- Information provided
* * * * * * * * *

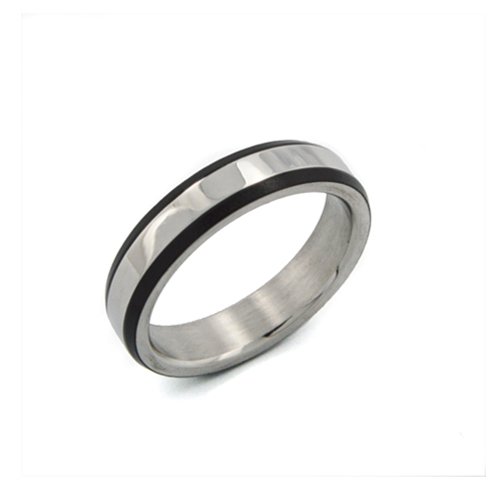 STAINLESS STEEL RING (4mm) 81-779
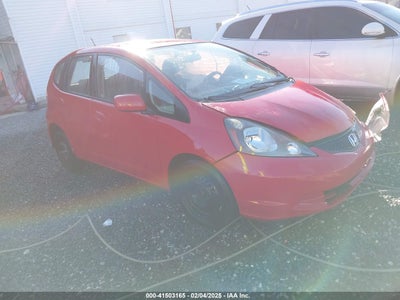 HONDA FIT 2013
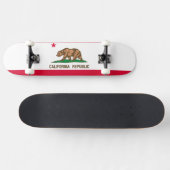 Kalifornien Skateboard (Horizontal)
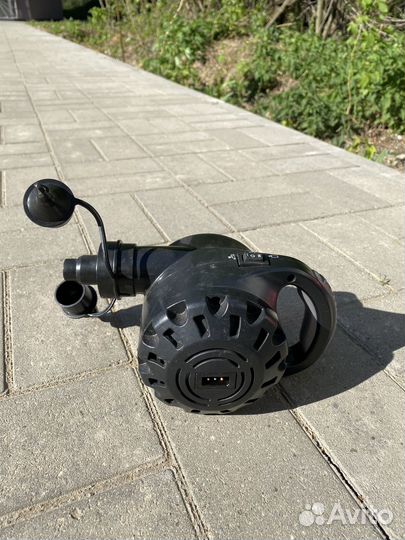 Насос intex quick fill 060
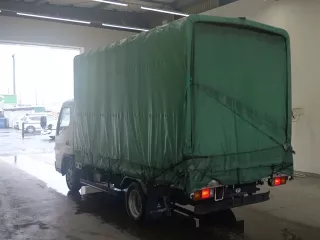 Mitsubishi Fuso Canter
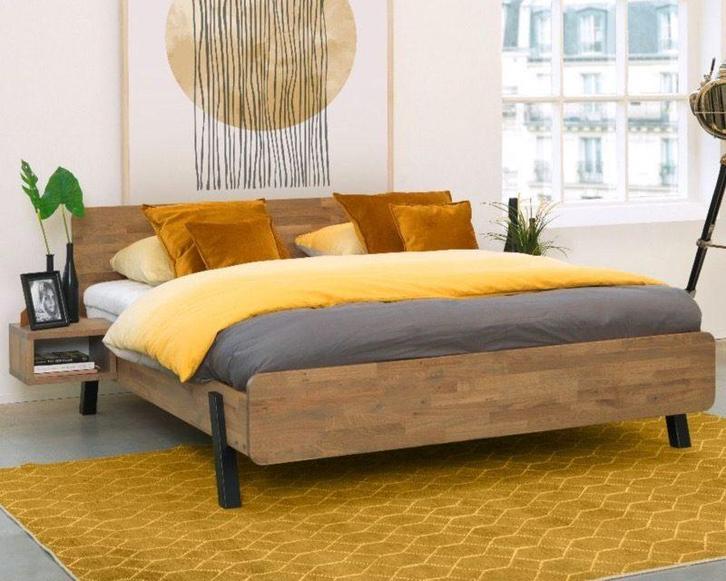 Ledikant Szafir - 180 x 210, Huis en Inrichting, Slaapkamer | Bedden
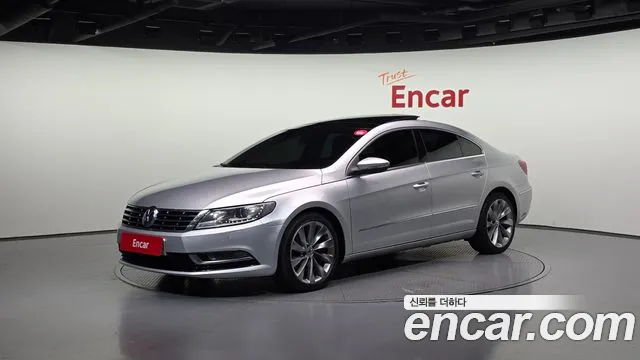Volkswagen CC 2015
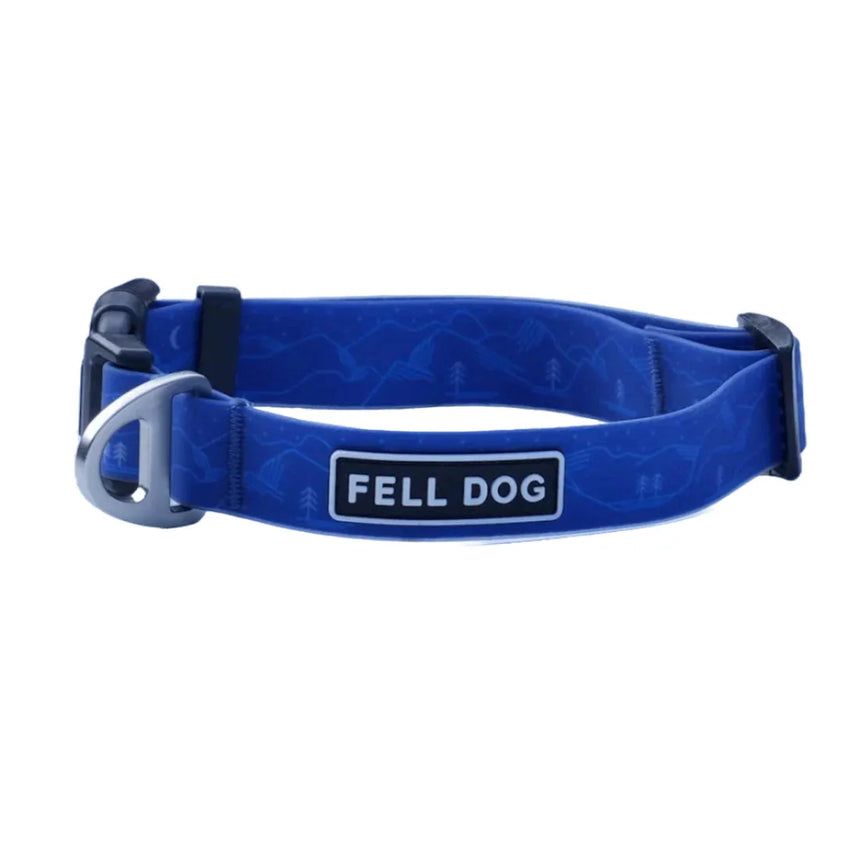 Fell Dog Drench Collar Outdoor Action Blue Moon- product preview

* * * * * * * * *

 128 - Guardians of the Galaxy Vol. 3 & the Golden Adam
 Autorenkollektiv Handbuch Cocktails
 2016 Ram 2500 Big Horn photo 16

* * * * * * * * *

- Exercise requirements
Reproduce word for word the material above, beginning with the line that contains "Autorenkollektiv Handbuch Cocktails" and ending with the line that contains "2016 Ram 2500 Big Horn photo 16".

- Response to this task
 Autorenkollektiv Handbuch Cocktails
 2016 Ram 2500 Big Horn photo 16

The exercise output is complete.